不過宮里安插了眼線的事情都可以告訴她,而能夠瞞著她的,估計八九不離十了。
“是。”
后來顧九宸又回來告訴了她“不一定”的原因。
這一次太后生病的原因是宋時清給了藥,所以不能說是與上官家為謀,而是與西澤國太子為謀了。
不過也肯定是太后自愿,以宋時清的手段,只能是言語誘導。
而她也在新春這期間找了司徒囚瀛詢問當年的事情,司徒大人回答的爽快,宋南伊甚至懷疑這位司徒大人是不是被掉包了。

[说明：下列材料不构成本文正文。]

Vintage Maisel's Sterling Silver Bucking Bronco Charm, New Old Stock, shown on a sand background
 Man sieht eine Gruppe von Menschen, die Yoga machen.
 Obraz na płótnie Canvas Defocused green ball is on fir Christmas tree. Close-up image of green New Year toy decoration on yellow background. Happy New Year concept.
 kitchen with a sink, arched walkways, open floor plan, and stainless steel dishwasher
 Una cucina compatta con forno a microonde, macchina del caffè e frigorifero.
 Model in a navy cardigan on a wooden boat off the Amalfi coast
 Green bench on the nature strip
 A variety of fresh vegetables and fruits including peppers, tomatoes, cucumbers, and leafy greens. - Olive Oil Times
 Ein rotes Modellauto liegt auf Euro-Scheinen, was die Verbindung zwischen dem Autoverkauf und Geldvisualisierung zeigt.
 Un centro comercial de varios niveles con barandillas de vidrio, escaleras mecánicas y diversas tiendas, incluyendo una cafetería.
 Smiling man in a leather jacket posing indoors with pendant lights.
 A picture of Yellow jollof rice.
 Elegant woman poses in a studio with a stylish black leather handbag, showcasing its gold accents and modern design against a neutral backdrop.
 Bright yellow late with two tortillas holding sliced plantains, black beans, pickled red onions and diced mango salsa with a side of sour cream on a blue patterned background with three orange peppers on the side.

司徒大人甚至還熱情的留她吃飯,說了許多對不住她父親的話,也愿意日后有機會幫助她。
宋南伊自然知道司徒囚瀛最后這句話的意思“日后有機會幫助她。”其實也在暗示皇權之爭。
這一個小年假也差不多到了末尾,初十開始就要上早朝。
宋南伊晚上打算早點休息,養足了精神后,明日才好與書太傅、上官大人他們周旋。
幸好她娶的不是什么位高權重者,只是書啟的父親有官職,書啟不過一個閑書生。
而大皇子的婚事可就要無限延期了,最近坊間對于大皇子和上官雨薇的討論也少了許多。
不知道這其中是不是大皇子自己做的,還是尚書大人也暗中疏導了不少。
就在宋南伊打算熄燈上床睡覺的時候,顧九宸敲開了宋南伊的房門。
兩個人這些天都接觸不多,除了正常的一起用膳之外,沒有多少肢體接觸。
而顧九宸大晚上敲她的房門,叫宋南伊有些不知所措。
“你怎么”
“一起睡。”
“啊”宋南伊話還沒說出口,就見到顧九宸腿上放著的被褥和枕頭,堅定的眼神,她便不說話了,給顧九宸讓開了路。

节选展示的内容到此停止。